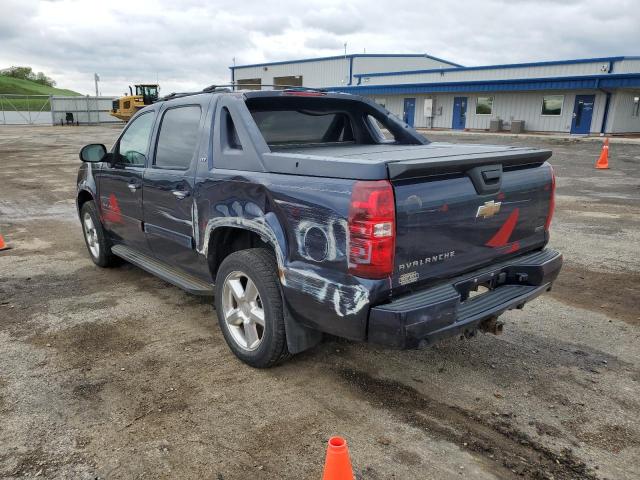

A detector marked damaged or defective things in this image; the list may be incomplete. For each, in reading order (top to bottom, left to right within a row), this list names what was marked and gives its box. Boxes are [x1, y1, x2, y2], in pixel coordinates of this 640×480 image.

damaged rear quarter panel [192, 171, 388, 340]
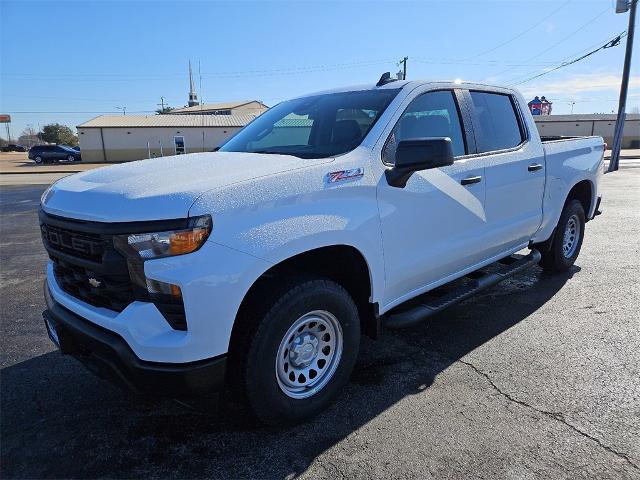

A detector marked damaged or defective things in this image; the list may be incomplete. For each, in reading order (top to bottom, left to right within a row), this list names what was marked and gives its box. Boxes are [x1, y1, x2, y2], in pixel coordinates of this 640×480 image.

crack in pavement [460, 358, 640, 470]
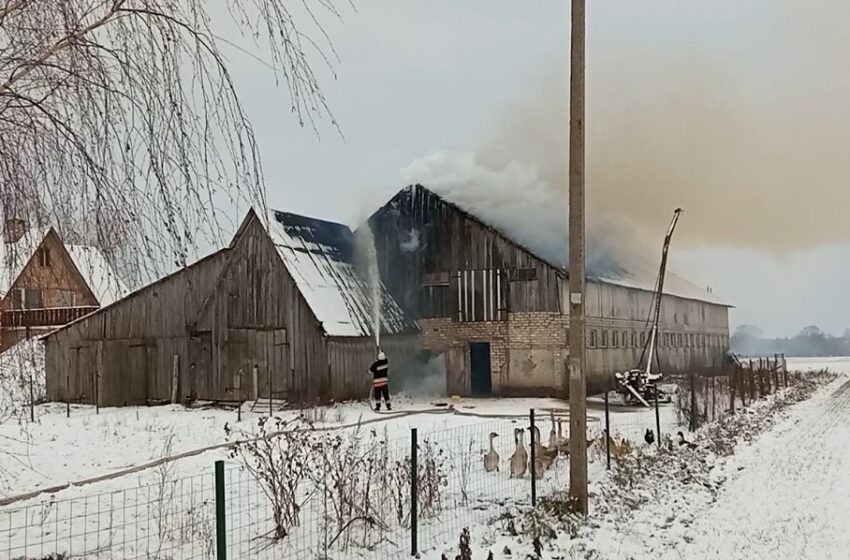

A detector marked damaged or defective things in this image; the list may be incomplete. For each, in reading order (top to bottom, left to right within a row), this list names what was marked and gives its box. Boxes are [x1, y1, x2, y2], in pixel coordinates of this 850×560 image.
# # # #
**WHAT YOU HAVE TO DO**
Print the material above once more, exactly, minus the pictures.

**RESPONSE TO THE TASK**
A detector marked damaged or defective things in this image; the list may be incomplete. For each, in reading order (top to bottom, left to right within a row), this list names what was marked and gives its box. Boxes are [x1, y1, x2, y2], in pixel coordinates of this 640×480 image.

damaged rear quarter panel [192, 171, 388, 340]

A detector marked damaged or defective things in this image; the list may be incomplete. For each, in reading order (top to bottom, left to right within a row), this list names what was marked and gives its box. Boxes are [x1, y1, x2, y2], in pixel coordinates of this 640×480 image.

crack in pavement [460, 358, 640, 470]

A detector marked damaged or defective things in this image; the list may be incomplete. For each, in reading order (top to bottom, left to right within a row), this list names what was marked and gives its box. Boxes are [x1, y1, x2, y2], in pixel coordinates of this 850×560 image.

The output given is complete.